Professor Peter Frankopan
Peter Frankopan is Professor of Global History and Director of the Oxford Centre for Byzantine Research. He is also UNESCO Professor of Silk Roads Studies at King’s College, Cambridge. He read History at Jesus College, Cambridge before doing his doctorate at Corpus Christi College, Oxford where he was Senior Scholar. He came to Worcester as a Junior Research Fellow in 1997 and has been Senior Research Fellow since 2000.
Peter has been named as one of the World’s 50 Top Thinkers (Prospect), ‘the rockstar historian du jour’ (Sunday Times) and the ‘first great historian of the 21st century’ by Brazil’s DCM magazine.
Peter works on the history of Russia, Ukraine, the Middle East, Iran, Central and South Asia and China. His book The First Crusade: The Call from the East (2012) was described as ‘overturning a millennium of scholarship’ and the most significant contribution to rethinking the origins and course of the First Crusade for a generation.’
His book, The Silk Roads: A New History of the World (2015) was Sunday Times Book of the Decade, New York Times Bestseller and topped the non-fiction charts in the UK, UAE, India, China and beyond. It was described as ‘magnificent’ (Sunday Times) ‘ dazzling’ (Guardian), ‘a rare book that makes you question your assumptions about the world’ (Wall St Journal), ‘a treasure’ (Libre Belgique), ‘phenomenal’ (Die Welt), ‘a joy’ (Le Point) and ‘not just the most important history book in years, but the most important in decades’ (Berliner Zeitung).

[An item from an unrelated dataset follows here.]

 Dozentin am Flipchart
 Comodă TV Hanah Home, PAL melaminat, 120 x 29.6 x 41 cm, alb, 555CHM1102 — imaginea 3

It was named one of the 25 most important books translated into Chinese of the last forty years, alongside Pride and Prejudice and The Great Gatsby.
His most recent book is The Earth Transformed: an Untold History which looks at the natural environment and the role it has played in shaping the past. An instant bestseller in the UK, Australia, the Netherlands, Canada and Germany, it has been described as ‘a mighty history….an endlessly fascinating book’ with the ‘the intellectual weight and dramatic force of a tsunami’ (The Times), ‘masterly’ (Observer), ‘a dazzling compendium of global research’ (Spectator), ‘an epic historical saga’ (TLS) ‘a staggering, almost insanely ambitious book’ (Volkskrant) and ‘a remarkable piece of work’ (New Indian Express). It is ‘a completely new view of the history of mankind, which sheds a different light on our own future’ (Die Zeit), one that blends ‘brilliant historical writing and cutting-edge scientific research’ (Arab News). ‘Humanity has transformed the Earth’ said the Financial Times, ‘Frankopan transforms our understanding of history.’